PROVIDED DATA Block Start

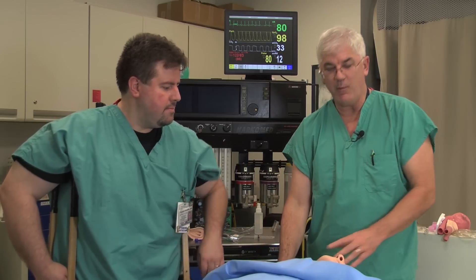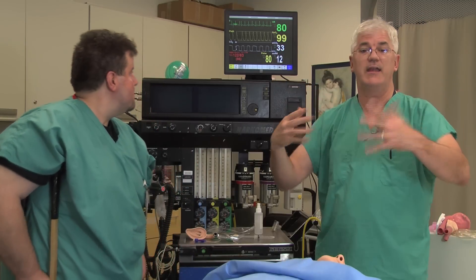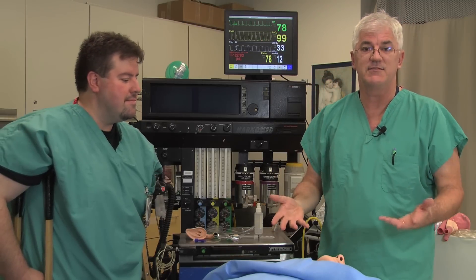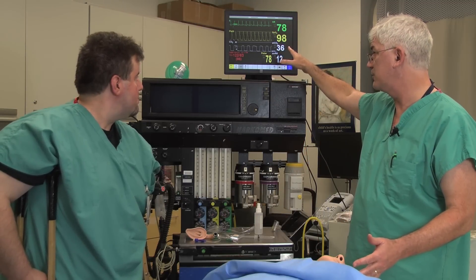Suction is one of the things that we're likely to forget, but so, so important. Necessary for visualization should the airway become filled with fluids — helps us to get control over that. Once we have all the equipment, we want to make sure that the patient is adequately monitored. You might have to go flying into a room, but most of the time in an ICU, the person is already monitored and you're going to at least have a pulse oximeter and an EKG. In an invasive setting, you might have an art line too, so you can send off blood gases.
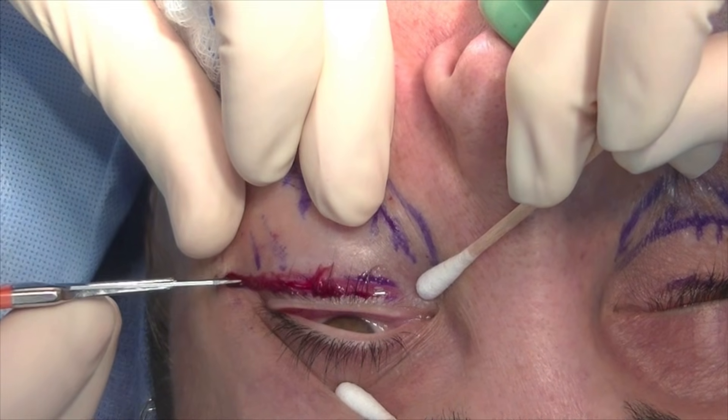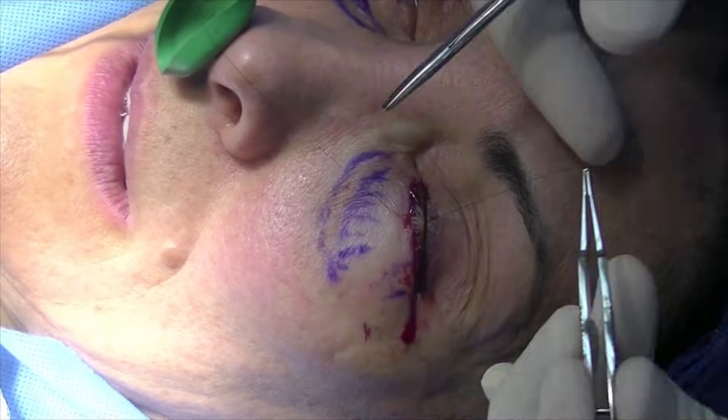A standard subciliary incision is made and extended past the lateral canthus. The lower eyelid is suspended with a 6-0 nylon suture.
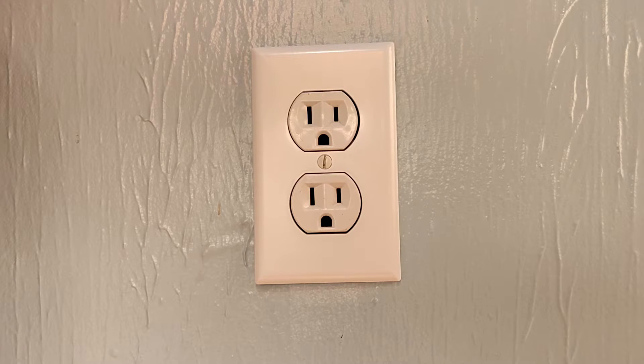All right guys, I hope you found that helpful. If you did, I'd appreciate it if you left a like. If you'd like to see more videos like this, be sure to subscribe. Thanks for watching. If you want to see how to change a power outlet, check out my other video here.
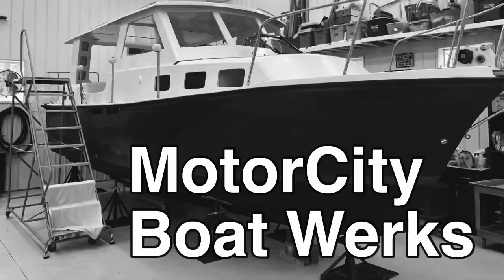Let me show you how I made the simplest V-berth cabinets. Hi, I'm Joe, and welcome to Motor City Boatworks. Let's get to work.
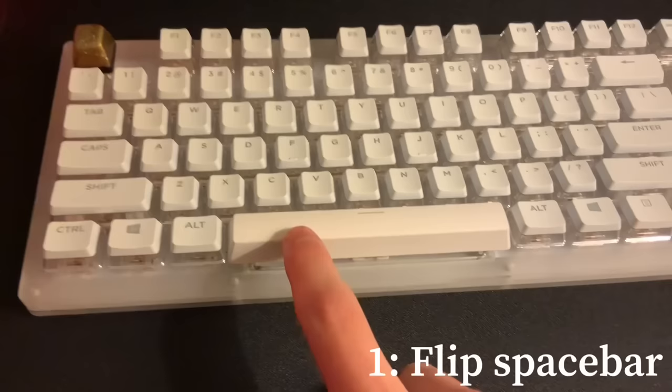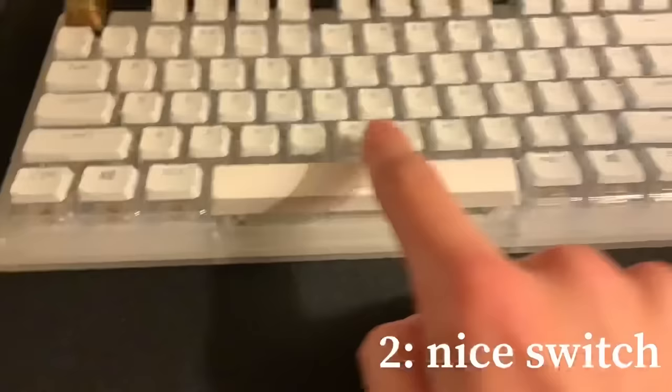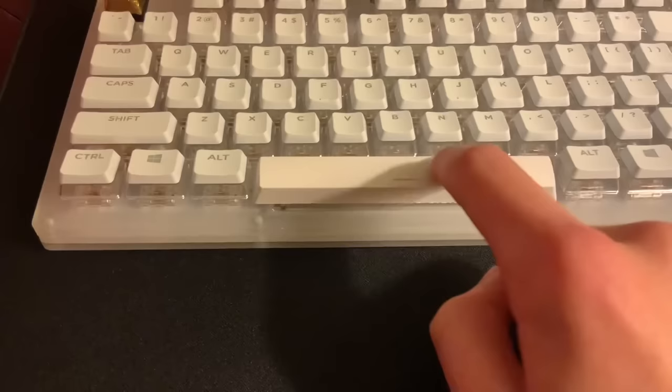Here's a before, but the first thing you need to do is flip the spacebar. I'm swapping out the switch for an ice cream switch. It is lubed. Then swap the keycap.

PROVIDED DATA Block End

#### [YOUR OBJECTIVE]
Drop every picture from the data, then output all the rest exactly.

#### [WRITTEN REPLY]
Suction is one of the things that we're likely to forget, but so, so important. Necessary for visualization should the airway become filled with fluids — helps us to get control over that. Once we have all the equipment, we want to make sure that the patient is adequately monitored. You might have to go flying into a room, but most of the time in an ICU, the person is already monitored and you're going to at least have a pulse oximeter and an EKG. In an invasive setting, you might have an art line too, so you can send off blood gases.
A standard subciliary incision is made and extended past the lateral canthus. The lower eyelid is suspended with a 6-0 nylon suture.
All right guys, I hope you found that helpful. If you did, I'd appreciate it if you left a like. If you'd like to see more videos like this, be sure to subscribe. Thanks for watching. If you want to see how to change a power outlet, check out my other video here.
Let me show you how I made the simplest V-berth cabinets. Hi, I'm Joe, and welcome to Motor City Boatworks. Let's get to work.
Here's a before, but the first thing you need to do is flip the spacebar. I'm swapping out the switch for an ice cream switch. It is lubed. Then swap the keycap.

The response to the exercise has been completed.